▶ [Work to complete] Reproduce only what runs from the line containing "Conceptual Illustration: Measuring" to the line containing "HIMIFOLO Artificial Wedding" in the records below, inclusive. Keep it exact, and keep the pictures out.

▶ [Data to process]
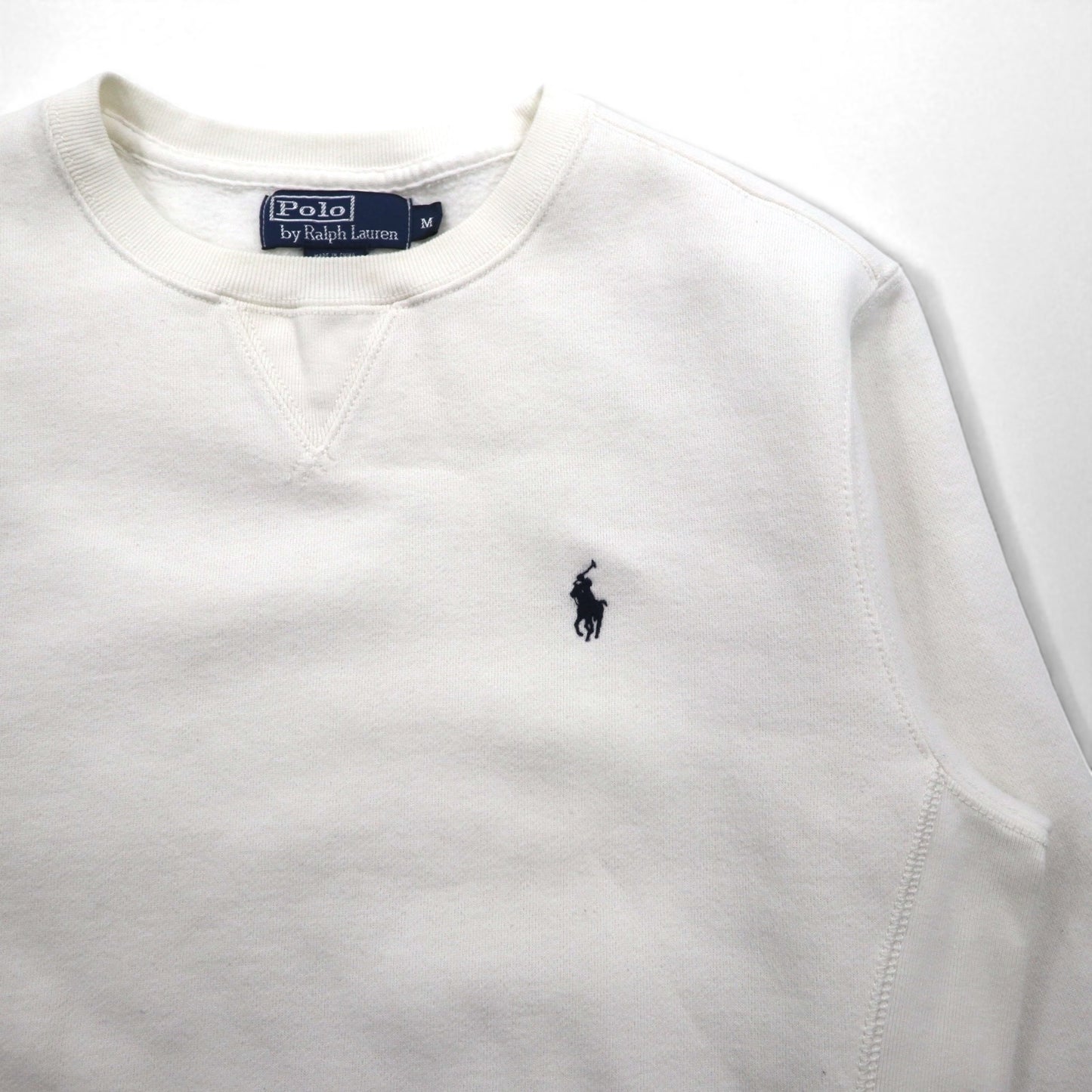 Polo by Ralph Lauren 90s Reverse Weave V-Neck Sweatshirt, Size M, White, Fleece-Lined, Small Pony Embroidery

...

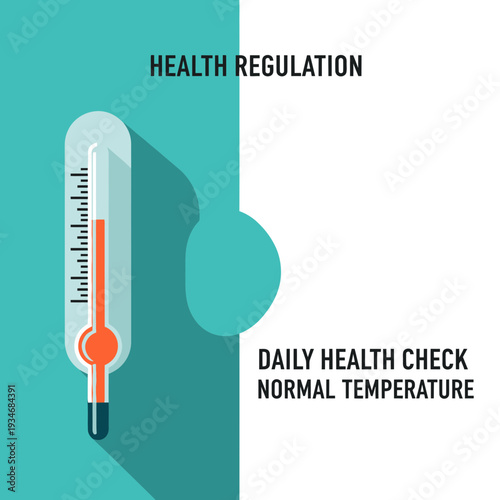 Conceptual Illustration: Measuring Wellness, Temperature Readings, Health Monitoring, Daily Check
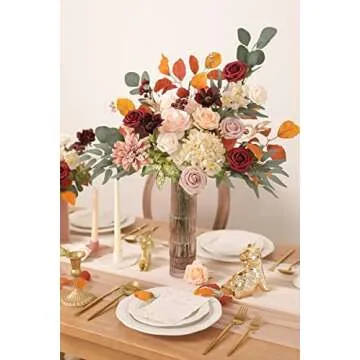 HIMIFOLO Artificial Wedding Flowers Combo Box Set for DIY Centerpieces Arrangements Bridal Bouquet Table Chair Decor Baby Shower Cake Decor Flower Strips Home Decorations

==

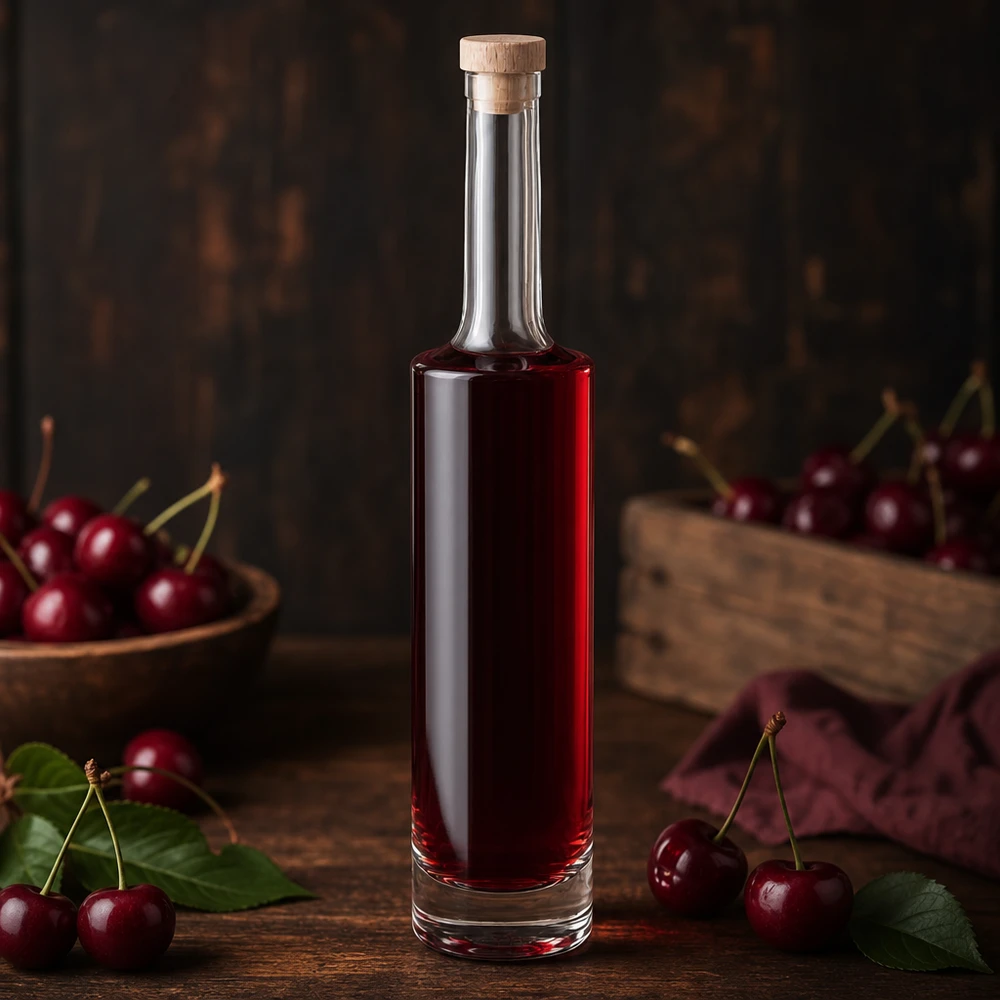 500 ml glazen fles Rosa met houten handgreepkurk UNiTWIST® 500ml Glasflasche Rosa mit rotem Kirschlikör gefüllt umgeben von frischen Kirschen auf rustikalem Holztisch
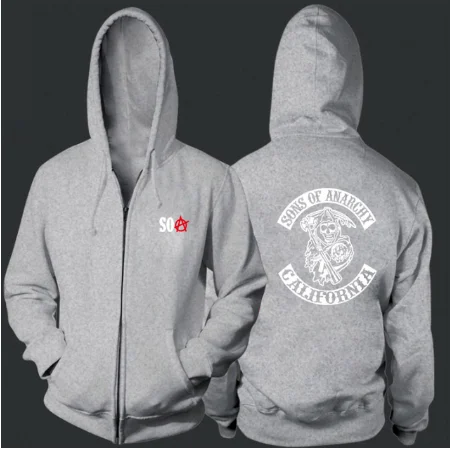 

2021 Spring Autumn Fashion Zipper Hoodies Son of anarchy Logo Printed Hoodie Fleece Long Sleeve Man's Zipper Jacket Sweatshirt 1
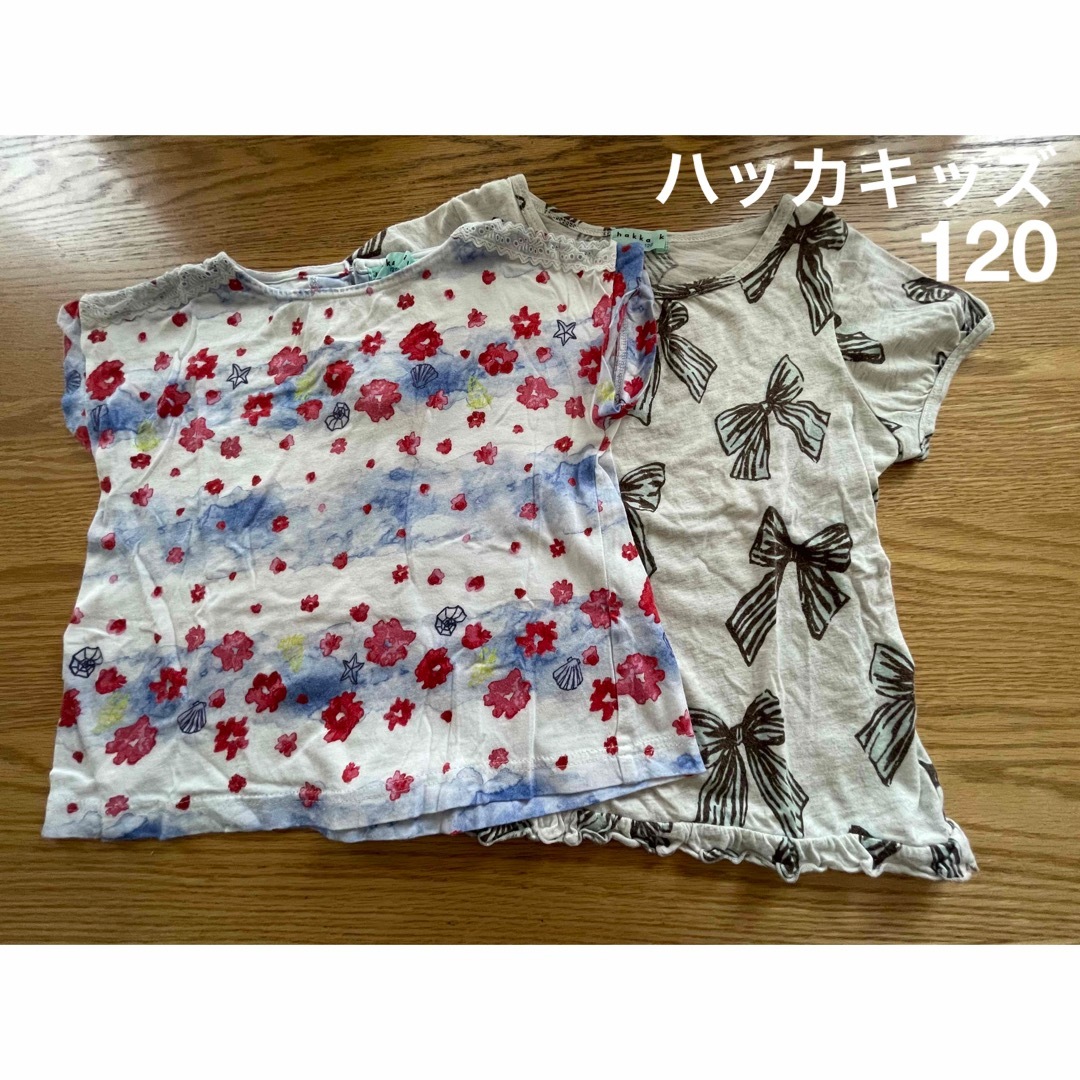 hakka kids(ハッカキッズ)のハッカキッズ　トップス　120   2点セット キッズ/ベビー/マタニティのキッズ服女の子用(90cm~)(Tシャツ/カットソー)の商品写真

▶ [Result of the exercise]
 Conceptual Illustration: Measuring Wellness, Temperature Readings, Health Monitoring, Daily Check
 HIMIFOLO Artificial Wedding Flowers Combo Box Set for DIY Centerpieces Arrangements Bridal Bouquet Table Chair Decor Baby Shower Cake Decor Flower Strips Home Decorations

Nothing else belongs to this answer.